A Letter From The General
Venue : Woodrush High School
Date : December 1967
Genre : Play
Letters from the General a winner all the way
Despite last minute cast upheavals, Wythall Dramatic Society's latest presentation "A letter from the General" was a winner from start to finish.
Playing to only a fair attendance in woodrush County Secondary school's large hall on Friday, the cast all experienced on the Wythall stage, gave a highly polished well regulated performance which earned them three rapturous curtain calls.
This response was no doubt due to the knowledge of this cast upset at the 11th hour, as reported in this newspaper last week.
Producer Stanley Girling, who was playing the part of German priest father Schiller, stepped into the shoes of Captain Lee when Gerry Solomon had to drop out of this leading part for personal reasons. Jack Parramore, a veteran of the group's past performances, took over the priest’s part.
Yet there was no hint that this top-flight cast had been hastily reshuffled as the audience was wound tightly into a modern tale of the happiness and sadness of a small group of people in a mission hut on the outskirts of China.
Stanley Girling took not a little time in weighing up Maurice McLoughlin's play. He trained his cast superbly- and his cast responded with equal vigour as the story of a band of Nuns who harassed by a communist Army searching for an escaped German Priest and brutally massacring all Nuns and priests in it's path, are forced to leave their small mission to seek safety.
All the Nuns flee, except one who was Godmother to the General of the Chinese Army, and who on the pretext that her Godson has offered her- in the "letter" of the Title - a position in a new orphanage he is opening. And as the Nun Sister Magdalene, Brenda Castle evoked from the audience a tremendous feeling of compassion. As she shuffled about the stage, and as her quavering Voice almost whispered across the hall, one could sense she was living the part. It was a magnificent performance.
Strictly speaking, it would be unfair to single out any particular one of the cast, because the standard was so high all round. But I feel this is one case where I can make an exception to the general rule.
As the Reverend Mother, Dorothy Girling exuded just the correct amount of calmness in the face of terror and hatred. She put not a foot wrong as she portrayed a character of intense wisdom, but not above a slight removal from the straight and narrow path in order to gain safety for her Nuns.
Sister Henry (Estelle Shutkever) again proved her worth in the excellent company and Pauline Hollins as Sister Lucy and Jill Cobill as Sister Bridget provided the snatches of humour in praise worthy supporting roles.
As the ruthless Captain Lee officer in the Chinese Army, Stanley Girling gave a gruff, straight-to-the-point characterisation of an embittered Army officer. This was a good performance from the man who took the stage at the last minute.
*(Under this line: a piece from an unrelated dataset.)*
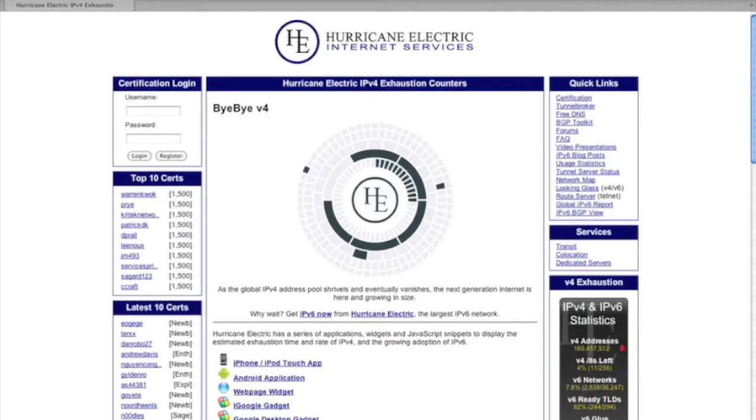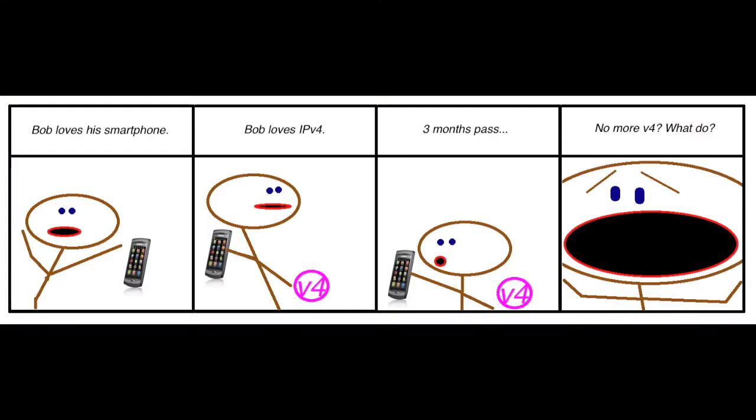Hi there, this is Stephen Foss at HE.net with your IPv6 update. If you've been paying attention to the IPv4 depletion counters that we host at ipv6.he.net/statistics, you probably noticed that today is one of those special countdown days. Maybe you've got the Bye Bye V4 app on your iPhone or the gadget on your copy of Windows 7, but either way you can see that we only have a hundred days of IPv4 left.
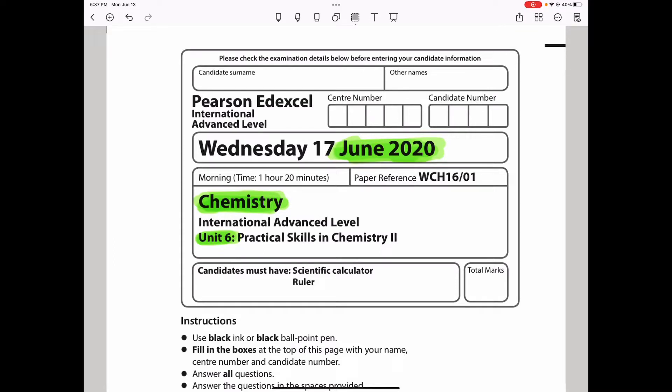Welcome everybody to our channel. This is the Chemistry, Biology and Math Revision Hub. Here we discuss past paper questions, as well as topics and various questions on topics in biology, chemistry, and math. Today we're discussing the June 2020 Pearson Edexcel International A-Level Chemistry paper for Unit 6. So let's go through it.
As Ruth Stilton, wife of the British Consul Arthur Stilton, Valerie Archer presented a vivid picture of a stinging sarcastic and observant woman with a vicious hatred of the Germans who shot her son in the back. Her vocabulary went biting across the stage and yet she showed a marked compassion when refusing to betray Father Schiller-a German-to Captain Lee. A memorable performance.
Husband Arthur, Gerry Smith, started well as an anxious consul a little indifferent to his wife, but then slipped into a run-of-the-mill characterisation, which did not really impress.
As the hunted Father Schiller, Jack Parramore made the most of his small part. Although tortured by the Chinese, he still showed love and understanding in wasting no time in treating Captain Lee for Father Schiller was the only Doctor the mission had.
Just three things which I feel the company could bear in mind.
The Stage at Woodrush is a large one, and a lot can be done with it in the way of properties and setting. But it seemed a little bare last week, and the set could have been more eye catching.
Instead it gave the impression of being inside a cardboard box with no way out. Nevertheless a lot of work had obviously been put into it by members of the company.
The lighting at one side of the stage left a lot to be desired. It was noticeable though, that the characters did not often stray into that area, giving the impression that this was not able to be rectified.
All told "A letter from the general" was a stepping-stone in the company’s repertoire. The general standard augurs well for the future.